====== Information given ======

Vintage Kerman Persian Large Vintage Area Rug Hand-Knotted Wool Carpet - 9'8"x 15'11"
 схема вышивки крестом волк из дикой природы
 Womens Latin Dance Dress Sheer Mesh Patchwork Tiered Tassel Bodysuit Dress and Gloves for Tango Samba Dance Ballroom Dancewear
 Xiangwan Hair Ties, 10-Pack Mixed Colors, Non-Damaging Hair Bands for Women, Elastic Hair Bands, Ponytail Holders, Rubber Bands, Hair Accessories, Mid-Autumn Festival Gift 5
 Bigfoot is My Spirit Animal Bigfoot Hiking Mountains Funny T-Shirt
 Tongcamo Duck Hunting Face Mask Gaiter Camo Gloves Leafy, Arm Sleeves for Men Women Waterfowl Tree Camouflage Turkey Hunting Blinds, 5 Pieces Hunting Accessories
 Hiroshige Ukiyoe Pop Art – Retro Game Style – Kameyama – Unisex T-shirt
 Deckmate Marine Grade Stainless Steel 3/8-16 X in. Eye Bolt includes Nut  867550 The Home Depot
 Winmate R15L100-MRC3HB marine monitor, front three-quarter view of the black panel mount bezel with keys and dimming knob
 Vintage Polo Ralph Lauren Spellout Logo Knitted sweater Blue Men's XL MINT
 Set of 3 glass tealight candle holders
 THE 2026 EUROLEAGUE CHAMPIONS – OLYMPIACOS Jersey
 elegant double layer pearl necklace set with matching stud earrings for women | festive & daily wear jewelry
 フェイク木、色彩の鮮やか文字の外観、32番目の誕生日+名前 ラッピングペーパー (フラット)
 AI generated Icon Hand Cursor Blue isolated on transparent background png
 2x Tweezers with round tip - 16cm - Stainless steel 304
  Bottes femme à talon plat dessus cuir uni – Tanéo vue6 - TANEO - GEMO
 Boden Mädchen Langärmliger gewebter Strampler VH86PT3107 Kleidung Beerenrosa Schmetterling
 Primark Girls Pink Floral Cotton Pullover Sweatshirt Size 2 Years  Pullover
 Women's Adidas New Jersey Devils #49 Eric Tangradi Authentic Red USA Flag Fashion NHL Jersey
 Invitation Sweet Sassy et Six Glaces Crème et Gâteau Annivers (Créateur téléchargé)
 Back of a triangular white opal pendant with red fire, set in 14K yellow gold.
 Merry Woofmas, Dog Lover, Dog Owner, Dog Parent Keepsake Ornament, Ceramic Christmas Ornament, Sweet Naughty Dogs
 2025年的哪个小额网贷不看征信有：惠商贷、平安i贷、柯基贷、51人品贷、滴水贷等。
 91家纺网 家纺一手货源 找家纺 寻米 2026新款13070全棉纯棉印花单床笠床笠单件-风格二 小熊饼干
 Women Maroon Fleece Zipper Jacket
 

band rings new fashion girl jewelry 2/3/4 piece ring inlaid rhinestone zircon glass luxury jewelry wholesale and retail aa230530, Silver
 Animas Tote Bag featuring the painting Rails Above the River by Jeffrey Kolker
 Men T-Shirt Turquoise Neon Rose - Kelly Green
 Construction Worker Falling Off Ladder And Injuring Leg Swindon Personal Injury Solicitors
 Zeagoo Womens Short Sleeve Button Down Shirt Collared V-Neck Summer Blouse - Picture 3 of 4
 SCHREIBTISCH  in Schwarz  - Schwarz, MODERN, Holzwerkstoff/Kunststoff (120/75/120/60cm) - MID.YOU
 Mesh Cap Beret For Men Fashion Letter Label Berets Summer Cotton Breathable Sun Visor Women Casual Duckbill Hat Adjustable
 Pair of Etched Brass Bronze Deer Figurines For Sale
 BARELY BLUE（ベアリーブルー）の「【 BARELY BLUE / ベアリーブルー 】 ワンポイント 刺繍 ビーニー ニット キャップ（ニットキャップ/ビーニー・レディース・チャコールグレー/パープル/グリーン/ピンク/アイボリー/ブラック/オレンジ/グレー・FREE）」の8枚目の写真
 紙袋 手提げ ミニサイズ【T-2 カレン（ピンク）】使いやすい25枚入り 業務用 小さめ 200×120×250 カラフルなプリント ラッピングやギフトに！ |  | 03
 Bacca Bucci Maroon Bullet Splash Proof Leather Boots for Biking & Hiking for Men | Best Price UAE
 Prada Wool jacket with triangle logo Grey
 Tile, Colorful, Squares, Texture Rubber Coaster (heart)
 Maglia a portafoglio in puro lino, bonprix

======

**The problem:** Nothing may be dropped or altered; repeat every record in full.

**Response to the task:**
Vintage Kerman Persian Large Vintage Area Rug Hand-Knotted Wool Carpet - 9'8"x 15'11"
 схема вышивки крестом волк из дикой природы
 Womens Latin Dance Dress Sheer Mesh Patchwork Tiered Tassel Bodysuit Dress and Gloves for Tango Samba Dance Ballroom Dancewear
 Xiangwan Hair Ties, 10-Pack Mixed Colors, Non-Damaging Hair Bands for Women, Elastic Hair Bands, Ponytail Holders, Rubber Bands, Hair Accessories, Mid-Autumn Festival Gift 5
 Bigfoot is My Spirit Animal Bigfoot Hiking Mountains Funny T-Shirt
 Tongcamo Duck Hunting Face Mask Gaiter Camo Gloves Leafy, Arm Sleeves for Men Women Waterfowl Tree Camouflage Turkey Hunting Blinds, 5 Pieces Hunting Accessories
 Hiroshige Ukiyoe Pop Art – Retro Game Style – Kameyama – Unisex T-shirt
 Deckmate Marine Grade Stainless Steel 3/8-16 X in. Eye Bolt includes Nut  867550 The Home Depot
 Winmate R15L100-MRC3HB marine monitor, front three-quarter view of the black panel mount bezel with keys and dimming knob
 Vintage Polo Ralph Lauren Spellout Logo Knitted sweater Blue Men's XL MINT
 Set of 3 glass tealight candle holders
 THE 2026 EUROLEAGUE CHAMPIONS – OLYMPIACOS Jersey
 elegant double layer pearl necklace set with matching stud earrings for women | festive & daily wear jewelry
 フェイク木、色彩の鮮やか文字の外観、32番目の誕生日+名前 ラッピングペーパー (フラット)
 AI generated Icon Hand Cursor Blue isolated on transparent background png
 2x Tweezers with round tip - 16cm - Stainless steel 304
  Bottes femme à talon plat dessus cuir uni – Tanéo vue6 - TANEO - GEMO
 Boden Mädchen Langärmliger gewebter Strampler VH86PT3107 Kleidung Beerenrosa Schmetterling
 Primark Girls Pink Floral Cotton Pullover Sweatshirt Size 2 Years  Pullover
 Women's Adidas New Jersey Devils #49 Eric Tangradi Authentic Red USA Flag Fashion NHL Jersey
 Invitation Sweet Sassy et Six Glaces Crème et Gâteau Annivers (Créateur téléchargé)
 Back of a triangular white opal pendant with red fire, set in 14K yellow gold.
 Merry Woofmas, Dog Lover, Dog Owner, Dog Parent Keepsake Ornament, Ceramic Christmas Ornament, Sweet Naughty Dogs
 2025年的哪个小额网贷不看征信有：惠商贷、平安i贷、柯基贷、51人品贷、滴水贷等。
 91家纺网 家纺一手货源 找家纺 寻米 2026新款13070全棉纯棉印花单床笠床笠单件-风格二 小熊饼干
 Women Maroon Fleece Zipper Jacket
 

band rings new fashion girl jewelry 2/3/4 piece ring inlaid rhinestone zircon glass luxury jewelry wholesale and retail aa230530, Silver
 Animas Tote Bag featuring the painting Rails Above the River by Jeffrey Kolker
 Men T-Shirt Turquoise Neon Rose - Kelly Green
 Construction Worker Falling Off Ladder And Injuring Leg Swindon Personal Injury Solicitors
 Zeagoo Womens Short Sleeve Button Down Shirt Collared V-Neck Summer Blouse - Picture 3 of 4
 SCHREIBTISCH  in Schwarz  - Schwarz, MODERN, Holzwerkstoff/Kunststoff (120/75/120/60cm) - MID.YOU
 Mesh Cap Beret For Men Fashion Letter Label Berets Summer Cotton Breathable Sun Visor Women Casual Duckbill Hat Adjustable
 Pair of Etched Brass Bronze Deer Figurines For Sale
 BARELY BLUE（ベアリーブルー）の「【 BARELY BLUE / ベアリーブルー 】 ワンポイント 刺繍 ビーニー ニット キャップ（ニットキャップ/ビーニー・レディース・チャコールグレー/パープル/グリーン/ピンク/アイボリー/ブラック/オレンジ/グレー・FREE）」の8枚目の写真
 紙袋 手提げ ミニサイズ【T-2 カレン（ピンク）】使いやすい25枚入り 業務用 小さめ 200×120×250 カラフルなプリント ラッピングやギフトに！ |  | 03
 Bacca Bucci Maroon Bullet Splash Proof Leather Boots for Biking & Hiking for Men | Best Price UAE
 Prada Wool jacket with triangle logo Grey
 Tile, Colorful, Squares, Texture Rubber Coaster (heart)
 Maglia a portafoglio in puro lino, bonprix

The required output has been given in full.